Re: [RFC PATCH 00/19] mm: Introduce a cgroup to limit the amount of locked and pinned memory

From: David Hildenbrand
Date: Tue Jan 31 2023 - 08:58:12 EST


On 24.01.23 21:12, Jason Gunthorpe wrote:
On Tue, Jan 24, 2023 at 04:42:29PM +1100, Alistair Popple wrote:
Having large amounts of unmovable or unreclaimable memory in a system
can lead to system instability due to increasing the likelihood of
encountering out-of-memory conditions. Therefore it is desirable to
limit the amount of memory users can lock or pin.

From userspace such limits can be enforced by setting
RLIMIT_MEMLOCK. However there is no standard method that drivers and
other in-kernel users can use to check and enforce this limit.

This has lead to a large number of inconsistencies in how limits are
enforced. For example some drivers will use mm->locked_mm while others
will use mm->pinned_mm or user->locked_mm. It is therefore possible to
have up to three times RLIMIT_MEMLOCKED pinned.

Having pinned memory limited per-task also makes it easy for users to
exceed the limit. For example drivers that pin memory with
pin_user_pages() it tends to remain pinned after fork. To deal with
this and other issues this series introduces a cgroup for tracking and
limiting the number of pages pinned or locked by tasks in the group.

However the existing behaviour with regards to the rlimit needs to be
maintained. Therefore the lesser of the two limits is
enforced. Furthermore having CAP_IPC_LOCK usually bypasses the rlimit,
but this bypass is not allowed for the cgroup.

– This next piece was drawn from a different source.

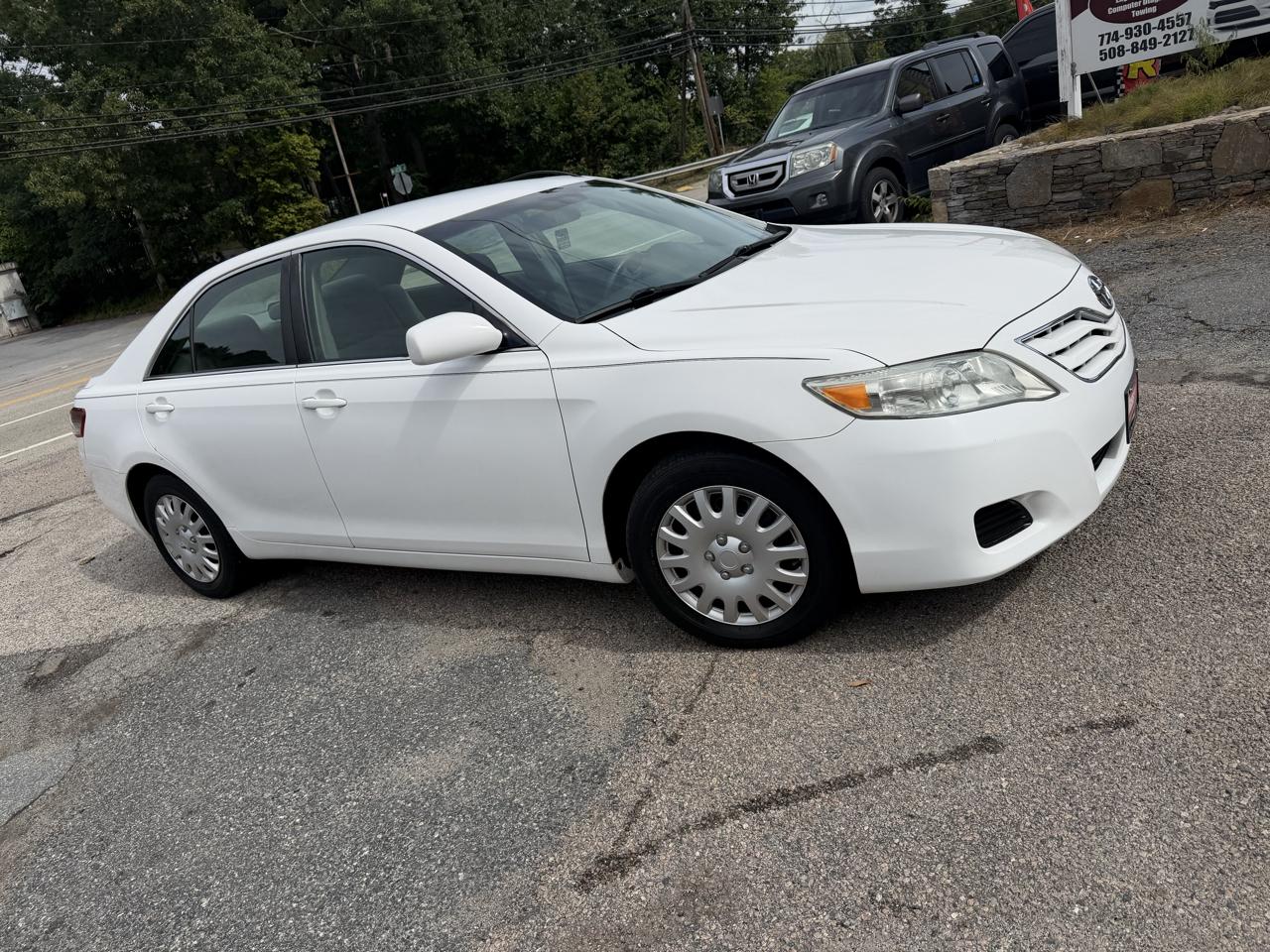 Toyota Camry Base 6-Spd AT 2011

The first part of this series converts existing drivers which
open-code the use of locked_mm/pinned_mm over to a common interface
which manages the refcounts of the associated task/mm/user
structs. This ensures accounting of pages is consistent and makes it
easier to add charging of the cgroup.

The second part of the series adds the cgroup and converts core mm
code such as mlock over to charging the cgroup before finally
introducing some selftests.

As I don't have access to systems with all the various devices I
haven't been able to test all driver changes. Any help there would be
appreciated.

I'm excited by this series, thanks for making it.

The pin accounting has been a long standing problem and cgroups will
really help!

Indeed. I'm curious how GUP-fast, pinning the same page multiple times, and pinning subpages of larger folios are handled :)

--
Thanks,

David / dhildenb